== Material provided

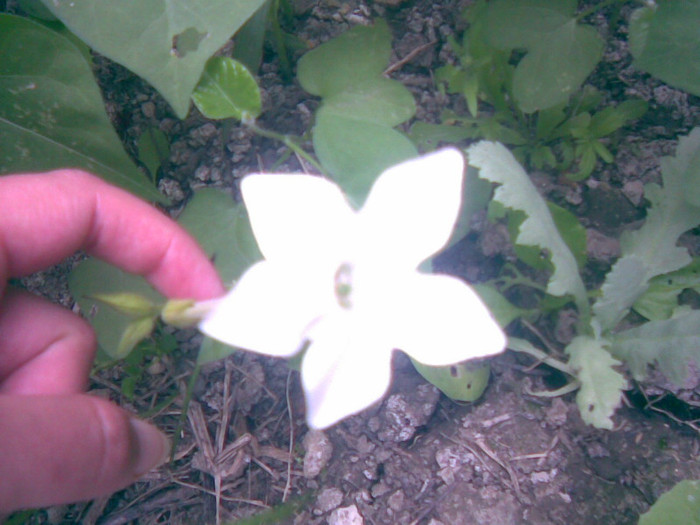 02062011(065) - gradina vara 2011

====
== Material provided

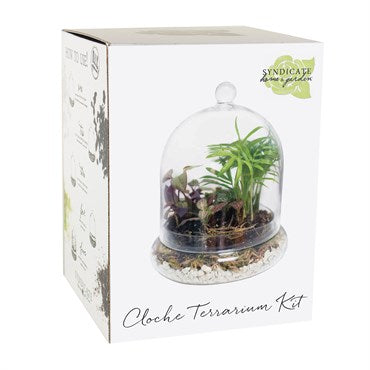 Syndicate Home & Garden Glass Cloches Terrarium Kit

====
== Material provided

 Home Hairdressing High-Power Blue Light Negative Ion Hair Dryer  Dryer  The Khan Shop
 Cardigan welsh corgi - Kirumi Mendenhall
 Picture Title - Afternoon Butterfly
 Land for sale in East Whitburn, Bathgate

====

Give again exactly, and only, the lines above starting at the one with "Cardigan welsh corgi - Kirumi Mendenhall" and ending at the one with "Land for sale in East Whitburn, Bathgate".

Task solution:
 Cardigan welsh corgi - Kirumi Mendenhall
 Picture Title - Afternoon Butterfly
 Land for sale in East Whitburn, Bathgate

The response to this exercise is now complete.